Through the acquisition, originally announced in July, Bayer's diagnostics division will gain VGI's OpenGene DNA-sequencing systems and Trugene HIV genotyping assay line, the only genetic viral-resistance test available for HIV in the US.

 

Terms of the deal call for Bayer to spend around $61.4 million for Toronto-based VGI by scooping up all of the company's outstanding shares for $1.50 apiece, and by buying all of its Series A preferred shares at par plus accrued dividends.

A Bayer spokesman said no decision has yet been made regarding VGI's 350-person-strong workforce, or the company's facilities and operating companies in the UK, France, Spain, Italy, Portugal, and Israel.
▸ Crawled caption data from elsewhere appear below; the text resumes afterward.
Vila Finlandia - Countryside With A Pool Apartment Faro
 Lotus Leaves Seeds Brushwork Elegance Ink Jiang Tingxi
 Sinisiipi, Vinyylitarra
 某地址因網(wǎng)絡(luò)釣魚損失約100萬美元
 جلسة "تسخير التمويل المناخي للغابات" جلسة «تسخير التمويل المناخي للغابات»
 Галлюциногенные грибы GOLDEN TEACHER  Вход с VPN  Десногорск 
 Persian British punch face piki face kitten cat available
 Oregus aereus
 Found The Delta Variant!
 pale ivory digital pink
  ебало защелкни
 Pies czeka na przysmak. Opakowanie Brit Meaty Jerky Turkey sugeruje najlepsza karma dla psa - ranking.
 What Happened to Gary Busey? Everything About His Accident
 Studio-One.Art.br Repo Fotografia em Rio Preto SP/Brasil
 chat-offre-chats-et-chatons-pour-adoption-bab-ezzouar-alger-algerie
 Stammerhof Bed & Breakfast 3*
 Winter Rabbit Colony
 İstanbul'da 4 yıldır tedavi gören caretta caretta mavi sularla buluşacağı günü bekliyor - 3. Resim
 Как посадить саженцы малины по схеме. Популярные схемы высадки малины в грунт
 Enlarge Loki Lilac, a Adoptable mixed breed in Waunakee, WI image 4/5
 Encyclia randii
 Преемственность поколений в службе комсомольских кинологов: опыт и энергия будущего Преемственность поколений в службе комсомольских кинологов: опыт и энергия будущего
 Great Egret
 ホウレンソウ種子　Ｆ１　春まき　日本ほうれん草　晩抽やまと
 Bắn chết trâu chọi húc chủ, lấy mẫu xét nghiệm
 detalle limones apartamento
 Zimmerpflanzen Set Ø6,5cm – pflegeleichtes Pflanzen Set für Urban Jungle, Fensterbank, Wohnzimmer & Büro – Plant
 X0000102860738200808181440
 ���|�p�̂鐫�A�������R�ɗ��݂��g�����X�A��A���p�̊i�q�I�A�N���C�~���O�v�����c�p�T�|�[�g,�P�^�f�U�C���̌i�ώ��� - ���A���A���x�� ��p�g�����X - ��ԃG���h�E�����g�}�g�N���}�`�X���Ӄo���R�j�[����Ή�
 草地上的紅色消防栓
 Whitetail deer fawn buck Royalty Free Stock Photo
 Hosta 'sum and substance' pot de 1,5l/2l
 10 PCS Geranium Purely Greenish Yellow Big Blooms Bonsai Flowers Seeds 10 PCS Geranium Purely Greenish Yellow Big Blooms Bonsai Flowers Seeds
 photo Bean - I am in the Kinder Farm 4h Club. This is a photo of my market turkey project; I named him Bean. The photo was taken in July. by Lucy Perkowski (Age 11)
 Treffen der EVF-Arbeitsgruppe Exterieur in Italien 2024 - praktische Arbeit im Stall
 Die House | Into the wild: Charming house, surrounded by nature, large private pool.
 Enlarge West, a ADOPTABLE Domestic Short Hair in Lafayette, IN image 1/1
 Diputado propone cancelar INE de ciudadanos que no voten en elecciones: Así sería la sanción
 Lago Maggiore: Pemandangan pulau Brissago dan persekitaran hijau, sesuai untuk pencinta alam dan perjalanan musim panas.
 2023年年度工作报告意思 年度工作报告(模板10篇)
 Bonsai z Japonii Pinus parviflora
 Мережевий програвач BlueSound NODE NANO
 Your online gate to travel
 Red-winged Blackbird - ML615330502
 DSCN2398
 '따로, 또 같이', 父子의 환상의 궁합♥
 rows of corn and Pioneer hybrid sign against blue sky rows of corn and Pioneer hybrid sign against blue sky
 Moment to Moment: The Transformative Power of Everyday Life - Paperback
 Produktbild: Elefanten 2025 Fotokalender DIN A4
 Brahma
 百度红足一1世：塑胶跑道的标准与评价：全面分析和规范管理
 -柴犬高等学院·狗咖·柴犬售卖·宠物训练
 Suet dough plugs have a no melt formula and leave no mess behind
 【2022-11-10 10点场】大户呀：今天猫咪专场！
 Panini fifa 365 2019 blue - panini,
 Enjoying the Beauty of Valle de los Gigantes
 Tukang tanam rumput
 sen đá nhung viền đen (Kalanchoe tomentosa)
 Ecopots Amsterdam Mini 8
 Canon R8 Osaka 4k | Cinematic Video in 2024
The spokesman, Kit Newton, told GenomeWeb this morning that the two firms have "integration teams who will determine the best melding, and we would hope to have all of these decisions made by the end of the year."

 

The acquisition marks the end of a journey undertaken by the Canadian company last spring when it abruptly put itself up for sale. "While VGI is committed to acting in the best interest of its shareholders, the timing and outcome of this process is uncertain," the company said in a statement on May 30.

 

The decision to sell was made following strategic-planning talks that took place during the winter, according to VGI spokesman Bruno Maruzzo. "Recently one of the options we started considering was an acquisition or a sale," he told GenomeWeb in an interview in May.

   

A statement made more than a year ago by CEO Richard Daly, who will stay at the firm for six more months as a consultant, was more blunt: "The future of our company lies in the clinical market, not the research market. Research customers using the company's sequencing products order less frequently than clinical customers, and selling to both markets would require separate marketing and distribution networks," said Daly. "The two don't have much in common."